[Start of section]
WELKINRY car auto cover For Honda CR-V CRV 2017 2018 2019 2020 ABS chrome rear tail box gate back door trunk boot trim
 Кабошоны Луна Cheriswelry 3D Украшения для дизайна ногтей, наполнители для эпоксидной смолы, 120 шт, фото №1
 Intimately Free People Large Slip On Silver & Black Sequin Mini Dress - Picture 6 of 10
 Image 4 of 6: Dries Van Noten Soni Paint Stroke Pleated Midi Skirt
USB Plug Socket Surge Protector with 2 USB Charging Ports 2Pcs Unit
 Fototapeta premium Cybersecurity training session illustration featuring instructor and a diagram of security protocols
[End of section]
Activity:
Up to and including the line that holds "Кабошоны Луна Cheriswelry", reproduce the records above exactly from their first line, and give nothing else.

Completed exercise:
WELKINRY car auto cover For Honda CR-V CRV 2017 2018 2019 2020 ABS chrome rear tail box gate back door trunk boot trim
 Кабошоны Луна Cheriswelry 3D Украшения для дизайна ногтей, наполнители для эпоксидной смолы, 120 шт, фото №1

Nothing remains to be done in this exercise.